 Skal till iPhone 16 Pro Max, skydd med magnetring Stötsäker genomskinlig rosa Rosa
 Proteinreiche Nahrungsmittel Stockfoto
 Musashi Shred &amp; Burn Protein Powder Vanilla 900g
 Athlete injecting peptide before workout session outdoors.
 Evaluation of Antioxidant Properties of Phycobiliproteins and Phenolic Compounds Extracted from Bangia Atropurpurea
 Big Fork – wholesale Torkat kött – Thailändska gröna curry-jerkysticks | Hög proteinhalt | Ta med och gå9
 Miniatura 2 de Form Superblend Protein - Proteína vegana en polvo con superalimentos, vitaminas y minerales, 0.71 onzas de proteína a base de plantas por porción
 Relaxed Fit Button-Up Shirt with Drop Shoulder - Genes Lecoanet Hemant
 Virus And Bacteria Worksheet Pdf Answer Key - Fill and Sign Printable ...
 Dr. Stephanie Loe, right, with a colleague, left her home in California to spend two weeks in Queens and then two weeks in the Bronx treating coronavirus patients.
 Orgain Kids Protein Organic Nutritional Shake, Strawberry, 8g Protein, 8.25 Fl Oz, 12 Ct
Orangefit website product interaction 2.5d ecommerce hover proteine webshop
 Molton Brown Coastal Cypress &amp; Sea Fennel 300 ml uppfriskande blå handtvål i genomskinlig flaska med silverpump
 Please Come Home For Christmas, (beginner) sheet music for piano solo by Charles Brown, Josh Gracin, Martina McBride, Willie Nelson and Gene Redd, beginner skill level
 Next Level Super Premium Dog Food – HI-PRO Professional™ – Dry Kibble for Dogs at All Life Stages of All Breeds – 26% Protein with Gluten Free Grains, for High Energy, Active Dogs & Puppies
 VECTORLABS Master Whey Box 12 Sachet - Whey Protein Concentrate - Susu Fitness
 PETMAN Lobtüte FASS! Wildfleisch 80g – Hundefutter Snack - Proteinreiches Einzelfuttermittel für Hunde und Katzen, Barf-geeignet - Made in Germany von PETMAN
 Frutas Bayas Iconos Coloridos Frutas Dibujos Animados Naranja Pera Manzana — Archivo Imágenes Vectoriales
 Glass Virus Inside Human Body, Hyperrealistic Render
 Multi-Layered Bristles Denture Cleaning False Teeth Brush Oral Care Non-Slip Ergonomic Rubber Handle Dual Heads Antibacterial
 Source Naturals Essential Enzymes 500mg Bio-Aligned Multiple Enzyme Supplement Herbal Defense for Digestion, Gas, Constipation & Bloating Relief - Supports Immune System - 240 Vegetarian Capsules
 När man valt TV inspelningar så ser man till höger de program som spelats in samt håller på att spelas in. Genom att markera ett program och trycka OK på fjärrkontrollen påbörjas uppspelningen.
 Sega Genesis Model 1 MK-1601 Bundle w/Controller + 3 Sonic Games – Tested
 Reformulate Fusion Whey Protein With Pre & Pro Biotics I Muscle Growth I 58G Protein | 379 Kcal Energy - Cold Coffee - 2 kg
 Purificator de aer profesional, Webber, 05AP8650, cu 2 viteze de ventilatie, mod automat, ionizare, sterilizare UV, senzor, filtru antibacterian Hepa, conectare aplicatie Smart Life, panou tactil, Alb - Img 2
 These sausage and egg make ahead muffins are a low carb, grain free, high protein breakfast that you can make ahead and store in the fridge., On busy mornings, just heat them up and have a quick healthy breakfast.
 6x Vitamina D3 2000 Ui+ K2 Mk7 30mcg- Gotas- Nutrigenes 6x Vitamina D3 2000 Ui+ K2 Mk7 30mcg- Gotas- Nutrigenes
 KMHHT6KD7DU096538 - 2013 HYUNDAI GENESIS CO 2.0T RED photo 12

■ WHAT TO PRODUCE
Nothing beyond the line containing "VECTORLABS Master Whey" is to be output; the lines above, from the first one onward to that line, are to be transcribed exactly.

■ FINISHED EXERCISE
 Skal till iPhone 16 Pro Max, skydd med magnetring Stötsäker genomskinlig rosa Rosa
 Proteinreiche Nahrungsmittel Stockfoto
 Musashi Shred &amp; Burn Protein Powder Vanilla 900g
 Athlete injecting peptide before workout session outdoors.
 Evaluation of Antioxidant Properties of Phycobiliproteins and Phenolic Compounds Extracted from Bangia Atropurpurea
 Big Fork – wholesale Torkat kött – Thailändska gröna curry-jerkysticks | Hög proteinhalt | Ta med och gå9
 Miniatura 2 de Form Superblend Protein - Proteína vegana en polvo con superalimentos, vitaminas y minerales, 0.71 onzas de proteína a base de plantas por porción
 Relaxed Fit Button-Up Shirt with Drop Shoulder - Genes Lecoanet Hemant
 Virus And Bacteria Worksheet Pdf Answer Key - Fill and Sign Printable ...
 Dr. Stephanie Loe, right, with a colleague, left her home in California to spend two weeks in Queens and then two weeks in the Bronx treating coronavirus patients.
 Orgain Kids Protein Organic Nutritional Shake, Strawberry, 8g Protein, 8.25 Fl Oz, 12 Ct
Orangefit website product interaction 2.5d ecommerce hover proteine webshop
 Molton Brown Coastal Cypress &amp; Sea Fennel 300 ml uppfriskande blå handtvål i genomskinlig flaska med silverpump
 Please Come Home For Christmas, (beginner) sheet music for piano solo by Charles Brown, Josh Gracin, Martina McBride, Willie Nelson and Gene Redd, beginner skill level
 Next Level Super Premium Dog Food – HI-PRO Professional™ – Dry Kibble for Dogs at All Life Stages of All Breeds – 26% Protein with Gluten Free Grains, for High Energy, Active Dogs & Puppies
 VECTORLABS Master Whey Box 12 Sachet - Whey Protein Concentrate - Susu Fitness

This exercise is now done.